Problem to solve — Each line from the one bearing "this 1180×885 image." through the last line of the entries below should be returned exactly, with pictures left out.

Saved data entries —
>>>>>

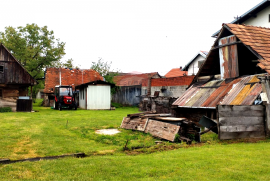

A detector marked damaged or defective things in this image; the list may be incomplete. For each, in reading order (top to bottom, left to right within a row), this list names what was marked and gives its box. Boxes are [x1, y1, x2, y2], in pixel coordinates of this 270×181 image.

rusty metal sheet [218, 35, 239, 79]
damaged roof [44, 67, 103, 93]
rusty metal sheet [172, 82, 204, 106]
rusty metal sheet [192, 80, 224, 107]
damaged roof [172, 74, 262, 108]
rusty metal sheet [220, 76, 252, 104]
rusty metal sheet [230, 76, 260, 104]
rusty metal sheet [240, 83, 262, 105]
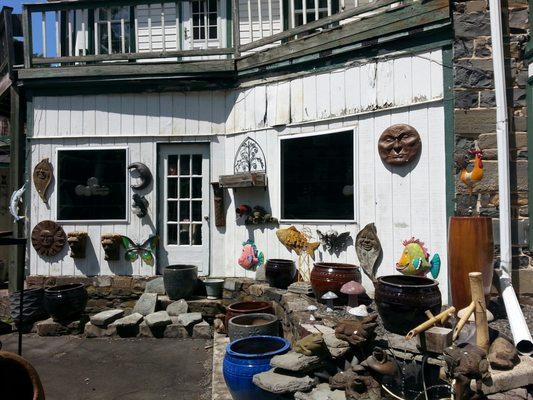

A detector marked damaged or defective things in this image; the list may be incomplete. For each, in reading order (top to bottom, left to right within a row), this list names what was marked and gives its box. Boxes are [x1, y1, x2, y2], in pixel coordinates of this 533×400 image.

rusty metal object [376, 122, 422, 165]
rusty metal object [32, 159, 53, 205]
rusty metal object [30, 220, 66, 258]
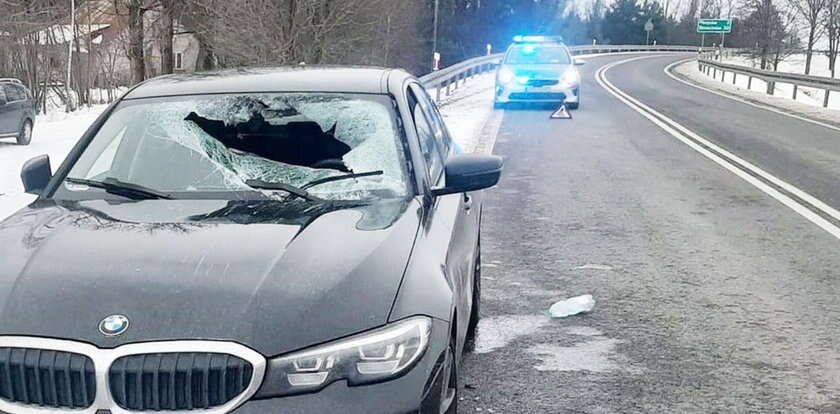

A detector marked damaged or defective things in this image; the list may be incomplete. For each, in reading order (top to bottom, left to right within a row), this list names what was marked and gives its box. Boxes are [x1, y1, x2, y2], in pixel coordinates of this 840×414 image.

shattered windshield [55, 94, 406, 201]
damaged car roof [124, 67, 398, 100]
crumpled hood [0, 198, 420, 356]
damaged bmw sedan [0, 66, 498, 412]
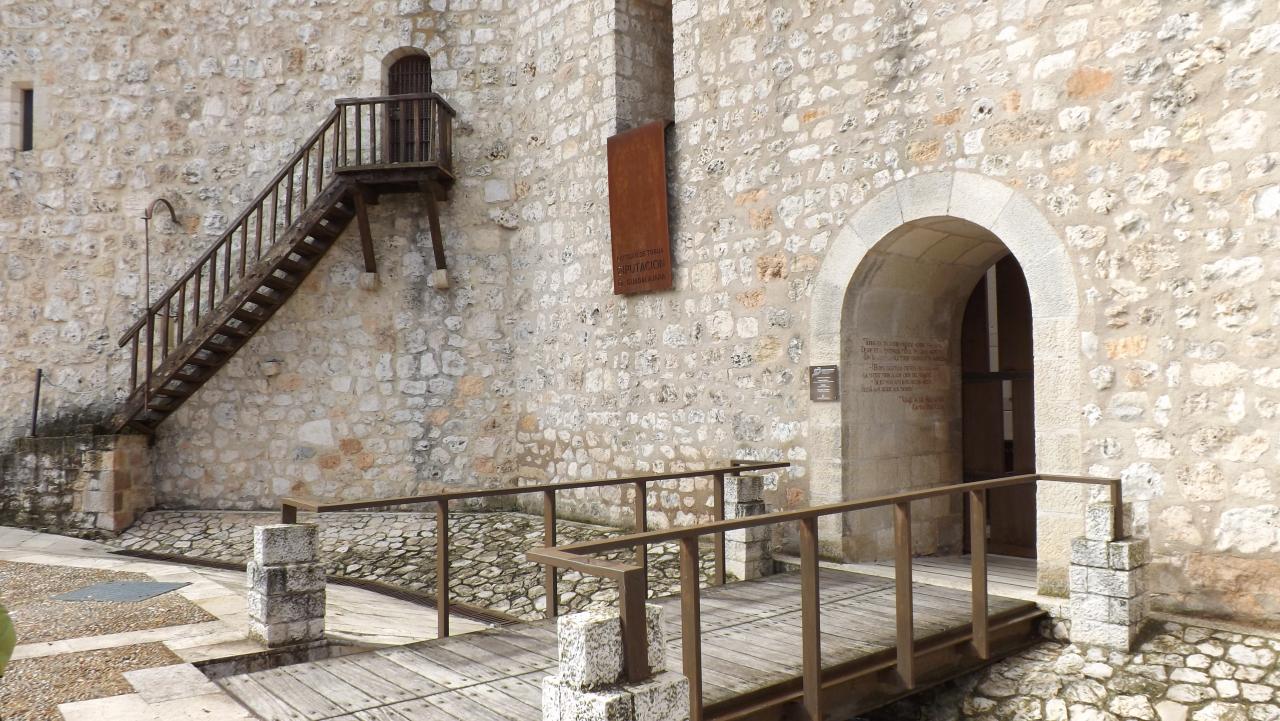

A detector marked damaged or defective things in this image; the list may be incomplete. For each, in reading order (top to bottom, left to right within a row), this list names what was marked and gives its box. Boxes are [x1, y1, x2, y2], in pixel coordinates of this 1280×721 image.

rusty metal sign [606, 119, 675, 294]
rusty metal sign [808, 363, 839, 404]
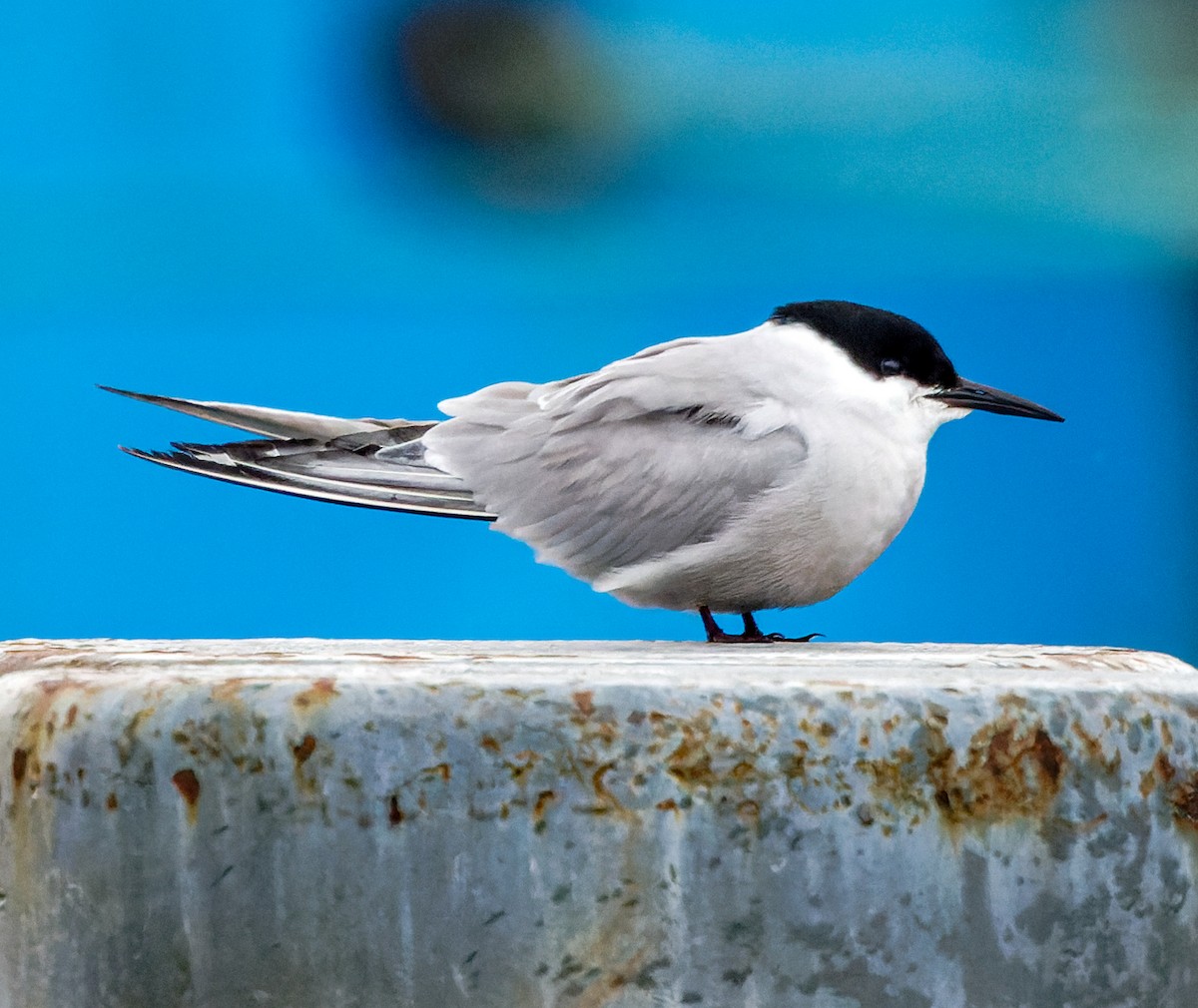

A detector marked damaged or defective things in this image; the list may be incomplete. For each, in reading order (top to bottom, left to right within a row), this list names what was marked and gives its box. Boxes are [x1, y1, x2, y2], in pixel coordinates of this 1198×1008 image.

rusty stain [292, 675, 339, 709]
rusty stain [294, 733, 318, 760]
rusty stain [171, 765, 201, 818]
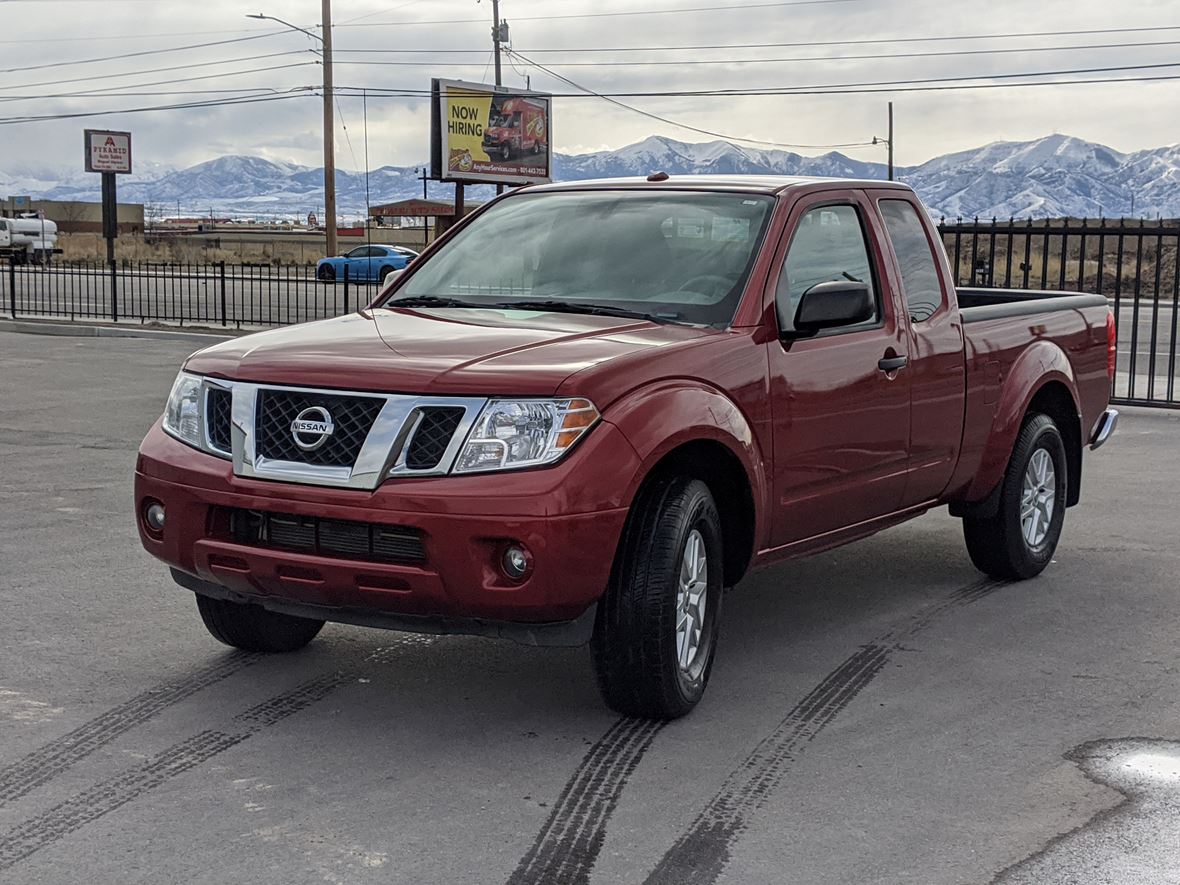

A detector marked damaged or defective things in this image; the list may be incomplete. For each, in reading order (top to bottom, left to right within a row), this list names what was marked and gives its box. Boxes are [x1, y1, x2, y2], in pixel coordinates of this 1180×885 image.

cracked asphalt [2, 332, 1180, 884]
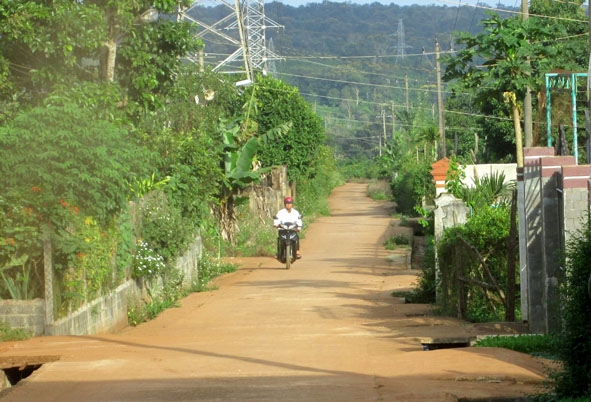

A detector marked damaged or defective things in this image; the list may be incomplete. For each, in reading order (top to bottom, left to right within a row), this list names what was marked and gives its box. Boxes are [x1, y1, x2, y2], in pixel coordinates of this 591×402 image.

pothole in road [0, 354, 59, 390]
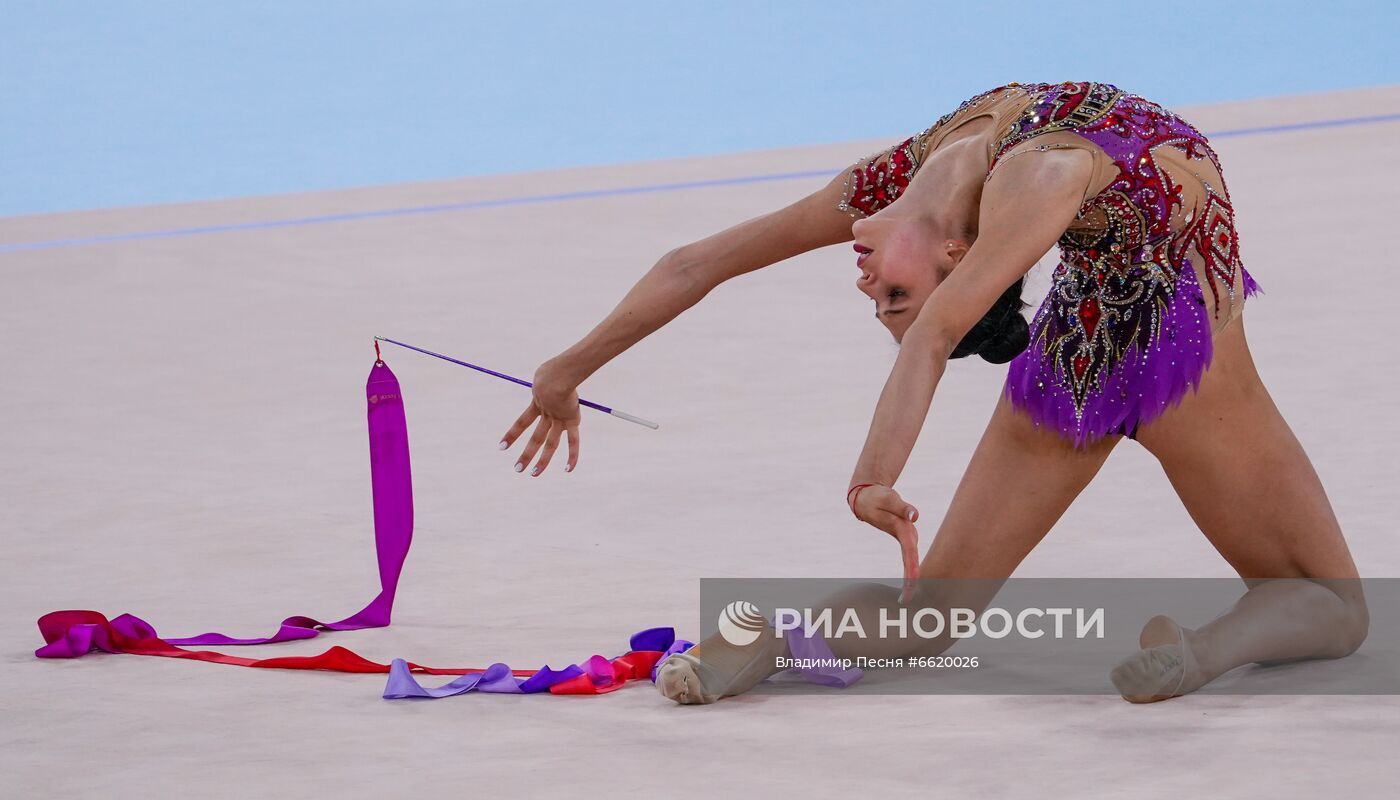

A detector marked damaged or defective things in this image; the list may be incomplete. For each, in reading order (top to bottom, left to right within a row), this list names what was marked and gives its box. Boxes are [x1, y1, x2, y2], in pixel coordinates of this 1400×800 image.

crumpled ribbon on floor [32, 357, 856, 700]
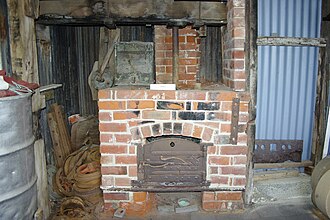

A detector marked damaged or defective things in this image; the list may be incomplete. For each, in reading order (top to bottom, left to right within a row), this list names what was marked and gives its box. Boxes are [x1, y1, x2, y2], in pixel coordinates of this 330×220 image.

rusted metal drum [0, 93, 37, 219]
rusted metal drum [312, 156, 330, 190]
rusted metal drum [314, 169, 330, 217]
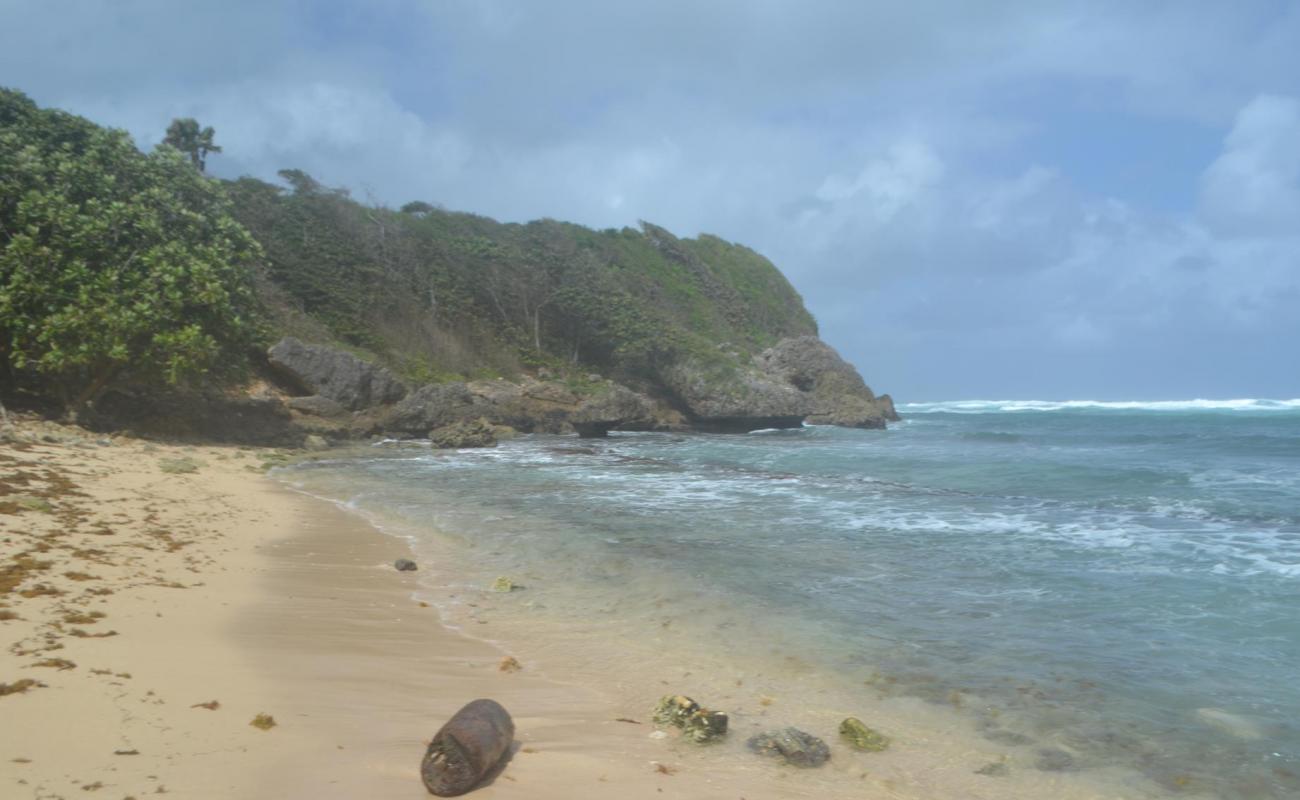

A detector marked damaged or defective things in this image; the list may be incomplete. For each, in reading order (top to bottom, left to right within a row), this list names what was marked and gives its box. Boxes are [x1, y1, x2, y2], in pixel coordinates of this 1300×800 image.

<<<<<

Answer for the task —
A detector marked damaged or defective things in this image; the list may be incomplete. For each, in reading order (top to bottom, left to right within a row), this list names what was marked and gives its box. Boxes are [x1, y1, x2, y2], in pixel coordinates of this 1180×885 image.

cracked asphalt [2, 332, 1180, 884]

A detector marked damaged or defective things in this image; the list may be incomplete. For each, in reading order (top to bottom, left to right within a row), this list names what was marked and gives its box. Boxes are [x1, y1, x2, y2], in pixel coordinates of this 591×402 image.

pothole in road [0, 354, 59, 390]

A detector marked damaged or defective things in this image; the list may be incomplete. For each, in reading order (top to bottom, left to right within a row), this list names what was marked and gives its box. Boxes are [x1, y1, x2, y2], in pixel coordinates of this 1400×800 image.

crumpled ribbon on floor [32, 357, 856, 700]

A detector marked damaged or defective things in this image; the list may be incomplete. For each, in reading order (top to bottom, left to right within a row), this list names what was marked and gives its box. Boxes are [x1, y1, x2, y2], in pixel coordinates of this 330×220 image.

rusted metal drum [0, 93, 37, 219]
rusted metal drum [312, 156, 330, 190]
rusted metal drum [314, 169, 330, 217]

A detector marked damaged or defective things in this image; the list may be incomplete. For each, in reading order (top to bottom, left to right within a row), this list names what was marked and gives its box. Boxes are [x1, y1, x2, y2], in pixel coordinates of this 1300×800 image.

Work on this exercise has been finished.